Между тем, в Петрограде события продолжали развиваться. Сначала Государственный Совет, а затем Съезд объединенного дворянства вынесли резолюцию против влияний "темных сил". 25 ноября, после обеда, мне доложили, что представители центра Государственного Совета хотят быть у меня около 7 час. вечера по чрезвычайно важному делу. Я попросил их прибыть ко мне после всенощной, около 9 час. вечера. В 10-м часу вечера ко мне пришли члены Государственного Совета А. Б. Нейдгардт и В. М. Андреевский. Они сообщили мне о только что состоявшемся постановлении Государственного Совета и передали просьбу центра {243} немедленно, как только приедет Государь в Царское Село, - а он ожидался туда 27-го, - ехать к нему, представить ему всю катастрофичность положения и умолять, чтобы он внял общему голосу.
Я должен был сообщить им, что мое выступление пред царем уже вызвало гнев Императрицы и что едва ли новая моя попытка окажется более успешной.
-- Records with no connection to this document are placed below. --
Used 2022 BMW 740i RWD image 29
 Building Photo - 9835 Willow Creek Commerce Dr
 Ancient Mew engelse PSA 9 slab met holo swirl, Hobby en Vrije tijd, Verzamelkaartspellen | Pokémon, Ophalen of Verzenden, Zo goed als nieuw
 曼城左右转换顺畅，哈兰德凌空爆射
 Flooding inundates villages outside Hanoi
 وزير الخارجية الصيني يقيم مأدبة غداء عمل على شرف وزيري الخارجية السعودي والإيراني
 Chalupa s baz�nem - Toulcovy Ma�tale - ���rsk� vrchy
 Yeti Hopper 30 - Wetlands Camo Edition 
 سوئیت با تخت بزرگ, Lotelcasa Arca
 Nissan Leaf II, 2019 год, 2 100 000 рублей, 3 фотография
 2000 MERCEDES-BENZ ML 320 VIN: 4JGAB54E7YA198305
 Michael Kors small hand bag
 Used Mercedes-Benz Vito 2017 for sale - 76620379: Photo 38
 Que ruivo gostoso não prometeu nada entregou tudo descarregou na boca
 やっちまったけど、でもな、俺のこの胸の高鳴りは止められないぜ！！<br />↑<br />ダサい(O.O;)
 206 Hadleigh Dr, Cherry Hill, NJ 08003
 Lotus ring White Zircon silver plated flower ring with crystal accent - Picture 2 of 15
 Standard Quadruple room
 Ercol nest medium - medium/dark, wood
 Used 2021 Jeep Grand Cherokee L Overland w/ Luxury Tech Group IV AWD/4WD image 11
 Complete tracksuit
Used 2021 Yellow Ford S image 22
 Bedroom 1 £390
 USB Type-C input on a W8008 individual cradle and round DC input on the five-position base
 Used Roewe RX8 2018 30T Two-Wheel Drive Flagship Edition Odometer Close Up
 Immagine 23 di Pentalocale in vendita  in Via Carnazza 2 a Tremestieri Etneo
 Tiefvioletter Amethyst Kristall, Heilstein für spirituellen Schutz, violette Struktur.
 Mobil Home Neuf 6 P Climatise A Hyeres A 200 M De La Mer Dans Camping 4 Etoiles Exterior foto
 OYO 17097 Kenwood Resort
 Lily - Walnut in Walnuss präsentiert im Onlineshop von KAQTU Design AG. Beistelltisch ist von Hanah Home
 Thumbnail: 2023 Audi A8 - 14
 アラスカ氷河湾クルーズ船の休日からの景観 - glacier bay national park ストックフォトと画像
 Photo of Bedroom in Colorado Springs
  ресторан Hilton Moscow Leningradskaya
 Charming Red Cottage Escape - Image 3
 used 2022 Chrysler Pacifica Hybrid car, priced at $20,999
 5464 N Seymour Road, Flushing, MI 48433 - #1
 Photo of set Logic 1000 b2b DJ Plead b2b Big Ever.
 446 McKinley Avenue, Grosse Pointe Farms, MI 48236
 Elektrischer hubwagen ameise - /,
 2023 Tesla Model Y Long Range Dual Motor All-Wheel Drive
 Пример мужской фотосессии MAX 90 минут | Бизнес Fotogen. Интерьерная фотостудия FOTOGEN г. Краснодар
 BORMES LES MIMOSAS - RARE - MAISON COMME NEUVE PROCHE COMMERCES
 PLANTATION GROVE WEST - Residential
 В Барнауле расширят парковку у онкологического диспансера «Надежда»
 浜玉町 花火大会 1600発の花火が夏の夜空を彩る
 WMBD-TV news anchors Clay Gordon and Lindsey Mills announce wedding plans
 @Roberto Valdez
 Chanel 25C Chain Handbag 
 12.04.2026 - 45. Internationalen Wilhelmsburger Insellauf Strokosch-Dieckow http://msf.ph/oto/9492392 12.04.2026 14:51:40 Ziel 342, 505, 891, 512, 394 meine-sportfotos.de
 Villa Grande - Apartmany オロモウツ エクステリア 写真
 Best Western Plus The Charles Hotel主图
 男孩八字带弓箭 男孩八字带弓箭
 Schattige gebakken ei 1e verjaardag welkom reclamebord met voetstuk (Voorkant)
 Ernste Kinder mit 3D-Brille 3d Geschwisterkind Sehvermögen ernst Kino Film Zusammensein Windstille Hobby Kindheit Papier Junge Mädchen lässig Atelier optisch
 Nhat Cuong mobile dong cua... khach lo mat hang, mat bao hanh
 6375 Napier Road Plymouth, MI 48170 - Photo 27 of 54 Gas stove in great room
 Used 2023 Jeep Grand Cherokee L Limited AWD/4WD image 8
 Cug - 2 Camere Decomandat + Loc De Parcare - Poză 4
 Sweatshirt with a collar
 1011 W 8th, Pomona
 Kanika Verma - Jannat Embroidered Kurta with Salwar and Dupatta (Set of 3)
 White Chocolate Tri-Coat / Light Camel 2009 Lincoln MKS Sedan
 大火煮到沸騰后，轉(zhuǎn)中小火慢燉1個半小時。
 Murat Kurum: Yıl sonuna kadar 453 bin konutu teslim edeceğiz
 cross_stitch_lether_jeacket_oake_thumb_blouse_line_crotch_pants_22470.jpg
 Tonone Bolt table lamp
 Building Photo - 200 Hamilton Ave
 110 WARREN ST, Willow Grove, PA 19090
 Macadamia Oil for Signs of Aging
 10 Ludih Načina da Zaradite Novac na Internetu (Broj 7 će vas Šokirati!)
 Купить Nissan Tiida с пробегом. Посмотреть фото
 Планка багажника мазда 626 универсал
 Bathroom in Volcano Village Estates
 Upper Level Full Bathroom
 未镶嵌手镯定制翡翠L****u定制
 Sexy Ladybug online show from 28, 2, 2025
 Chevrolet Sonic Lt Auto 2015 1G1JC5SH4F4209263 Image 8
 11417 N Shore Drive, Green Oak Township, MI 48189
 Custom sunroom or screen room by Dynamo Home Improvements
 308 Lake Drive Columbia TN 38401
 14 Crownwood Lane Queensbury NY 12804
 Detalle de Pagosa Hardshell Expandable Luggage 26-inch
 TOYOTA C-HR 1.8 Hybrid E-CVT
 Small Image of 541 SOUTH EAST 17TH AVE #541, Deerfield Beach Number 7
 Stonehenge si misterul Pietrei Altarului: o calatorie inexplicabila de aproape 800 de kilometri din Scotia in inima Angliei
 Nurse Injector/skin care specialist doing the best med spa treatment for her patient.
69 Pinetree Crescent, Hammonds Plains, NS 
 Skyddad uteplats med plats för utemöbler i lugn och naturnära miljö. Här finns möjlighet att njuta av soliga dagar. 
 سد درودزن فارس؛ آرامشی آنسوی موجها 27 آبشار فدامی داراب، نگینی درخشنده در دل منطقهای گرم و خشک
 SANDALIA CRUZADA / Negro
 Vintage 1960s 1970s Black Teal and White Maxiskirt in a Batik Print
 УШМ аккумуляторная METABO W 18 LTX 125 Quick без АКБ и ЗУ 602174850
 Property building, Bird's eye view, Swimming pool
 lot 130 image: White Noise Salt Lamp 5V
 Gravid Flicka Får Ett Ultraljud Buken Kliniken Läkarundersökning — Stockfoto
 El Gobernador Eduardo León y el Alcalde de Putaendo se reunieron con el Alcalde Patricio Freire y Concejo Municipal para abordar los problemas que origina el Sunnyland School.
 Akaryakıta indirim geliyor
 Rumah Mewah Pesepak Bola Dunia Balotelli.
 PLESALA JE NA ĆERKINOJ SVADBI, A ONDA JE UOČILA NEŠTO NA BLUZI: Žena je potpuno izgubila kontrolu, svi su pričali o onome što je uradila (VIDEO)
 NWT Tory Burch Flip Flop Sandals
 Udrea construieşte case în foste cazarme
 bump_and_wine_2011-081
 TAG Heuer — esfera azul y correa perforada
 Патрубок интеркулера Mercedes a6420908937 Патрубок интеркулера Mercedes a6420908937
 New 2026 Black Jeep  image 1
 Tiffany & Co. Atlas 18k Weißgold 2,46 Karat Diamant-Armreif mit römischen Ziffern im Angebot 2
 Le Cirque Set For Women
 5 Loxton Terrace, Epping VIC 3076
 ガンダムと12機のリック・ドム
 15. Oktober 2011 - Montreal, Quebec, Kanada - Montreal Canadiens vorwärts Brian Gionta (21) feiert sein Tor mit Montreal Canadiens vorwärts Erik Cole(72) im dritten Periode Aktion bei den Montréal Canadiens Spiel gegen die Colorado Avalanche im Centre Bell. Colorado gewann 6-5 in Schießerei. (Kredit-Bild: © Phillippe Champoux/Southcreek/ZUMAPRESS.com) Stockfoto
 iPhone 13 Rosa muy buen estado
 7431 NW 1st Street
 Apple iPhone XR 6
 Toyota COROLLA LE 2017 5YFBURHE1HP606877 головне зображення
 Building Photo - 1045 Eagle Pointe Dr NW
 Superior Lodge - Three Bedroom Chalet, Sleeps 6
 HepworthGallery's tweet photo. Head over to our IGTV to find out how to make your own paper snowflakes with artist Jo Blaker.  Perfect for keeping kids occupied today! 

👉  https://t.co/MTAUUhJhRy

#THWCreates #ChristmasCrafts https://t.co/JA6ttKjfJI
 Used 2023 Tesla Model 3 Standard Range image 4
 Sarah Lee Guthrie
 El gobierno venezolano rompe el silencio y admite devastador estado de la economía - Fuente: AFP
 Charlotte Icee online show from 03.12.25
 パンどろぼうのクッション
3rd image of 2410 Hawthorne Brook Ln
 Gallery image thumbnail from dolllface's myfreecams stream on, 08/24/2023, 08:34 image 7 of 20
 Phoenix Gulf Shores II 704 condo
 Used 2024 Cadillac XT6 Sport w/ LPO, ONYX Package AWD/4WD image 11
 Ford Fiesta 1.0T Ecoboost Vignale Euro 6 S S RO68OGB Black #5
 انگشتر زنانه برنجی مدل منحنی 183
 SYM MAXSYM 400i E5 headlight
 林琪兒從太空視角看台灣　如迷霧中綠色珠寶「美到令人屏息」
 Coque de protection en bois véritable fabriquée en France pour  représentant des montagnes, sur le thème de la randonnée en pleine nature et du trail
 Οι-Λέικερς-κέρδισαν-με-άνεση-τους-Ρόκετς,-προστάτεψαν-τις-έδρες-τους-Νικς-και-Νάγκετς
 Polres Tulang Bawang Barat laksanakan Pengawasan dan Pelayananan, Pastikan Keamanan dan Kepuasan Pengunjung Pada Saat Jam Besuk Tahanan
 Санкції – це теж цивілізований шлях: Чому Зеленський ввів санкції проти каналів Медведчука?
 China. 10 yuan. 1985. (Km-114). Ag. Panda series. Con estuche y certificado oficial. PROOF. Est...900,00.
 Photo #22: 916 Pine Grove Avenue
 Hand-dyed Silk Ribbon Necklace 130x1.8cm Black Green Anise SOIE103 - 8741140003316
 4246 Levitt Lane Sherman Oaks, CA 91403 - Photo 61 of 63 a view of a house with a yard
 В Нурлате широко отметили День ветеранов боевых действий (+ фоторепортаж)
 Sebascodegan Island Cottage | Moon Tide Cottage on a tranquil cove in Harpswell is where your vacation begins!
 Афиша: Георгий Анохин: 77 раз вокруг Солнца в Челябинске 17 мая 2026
Но они продолжали настаивать, и я обещал им испросить себе аудиенцию у Государя. Всё же я совершенно не верил в успех своей миссии, если бы меня и допустили к царю. Зашедший ко мне после их ухода генерал Никольский решительно высказался против моей поездки в Царское Село, где влияние распутинской партии и упрямство в данное время были безграничны. Я, однако, продолжал колебаться: добиваться или не добиваться высочайшей аудиенции? Мои колебания разрешила заехавшая ко мне на другой день фрейлина двора Е. С. Олив, состоявшая при великой княгине Марии Павловне (старшей).